Article ID: | iaor20072431 |
Country: | Netherlands |
Volume: | 148 |
Issue: | 1 |
Start Page Number: | 81 |
End Page Number: | 94 |
Publication Date: | Nov 2006 |
Journal: | Annals of Operations Research |
Authors: | Carlsson Fredrik, Forsgren Anders, Rehbinder Henrik, Eriksson Kjell |
Keywords: | programming: quadratic |
Optimization is of vital importance when performing intensity modulated radiation therapy to treat cancer tumors. The optimization problem is typically large-scale with a nonlinear objective function and bounds on the variables, and we solve it using a quasi-Newton sequential quadratic programming method. This study investigates the effect on the optimal solution, and hence treatment outcome, when solving an approximate optimization problem of lower dimension. Through a spectral decomposition, eigenvectors and eigenvalues of an approximation to the Hessian are computed. An approximate optimization problem of reduced dimension is formulated by introducing eigenvector weights as optimization parameters, where only eigenvectors corresponding to large eigenvalues are included.
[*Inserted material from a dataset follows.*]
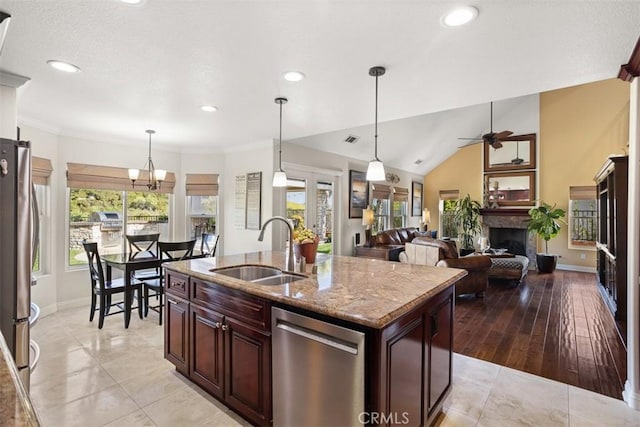 4560 San Antonio Rd, Yorba Linda, CA 92886 - kitchen featuring appliances with stainless steel finishes, a sink, baseboards, a fireplace, and recessed lighting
The approach is evaluated on a clinical prostate case. Compared to bixel weight optimization, eigenvector weight optimization with few parameters results in faster initial decline in the objective function, but with inferior final solution. Another approach, which combines eigenvector weights and bixel weights as variables, gives lower final objective values than bixel weight optimization does. However, this advantage comes at the expense of the pre-computational time for the spectral decomposition.